What is the difference between namedtuple return and its typename argument?

Question

Python documentation says:

collections.namedtuple(typename, field_names[, verbose=False][, rename=False])
Returns a new tuple subclass named typename. 

and it gives an example

>>>Point = namedtuple('Point',...

In all the examples I could find, the return from namedtuple and argument typename are spelled the same.

Experimenting, it seems the argument does not matter:

>>>Class = collections.namedtuple('Junk', 'field')
>>>obj = Class(field=1)
>>>print obj.field
1

What is the distinction? How does the typename argument matter?

Answer 1

When you execute the following code:

Bar = collections.namedtuple('Foo', 'field')

you are:

1. creating a new type named Foo;
2. assigning that type to a variable named Bar.

That code is equivalent to this:

class Foo:
    ...

Bar = Foo
del Foo

Even if you assign your class to a variable with a different name, Foo will still be the "official" name, that is: Bar.__name__ will still be 'Foo'.

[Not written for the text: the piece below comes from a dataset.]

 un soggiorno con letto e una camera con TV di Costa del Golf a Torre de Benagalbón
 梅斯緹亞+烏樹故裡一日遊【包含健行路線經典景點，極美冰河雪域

You'll see the difference when you print either the class or the instance:

>>> Bar = collections.namedtuple('Foo', 'field')
>>> obj = Bar(field=1)
>>> obj
Foo(field=1)

You may ask why namedtuple requires the type name, as it is redundant (with the usual convention). Well, namedtuple builds the type before the variable is assigned, so it cannot infer the type name and it needs to be told explicitly. (Or better: it could infer the name by inspecting the code of the caller, but that's hackish and won't work for non conventional cases.)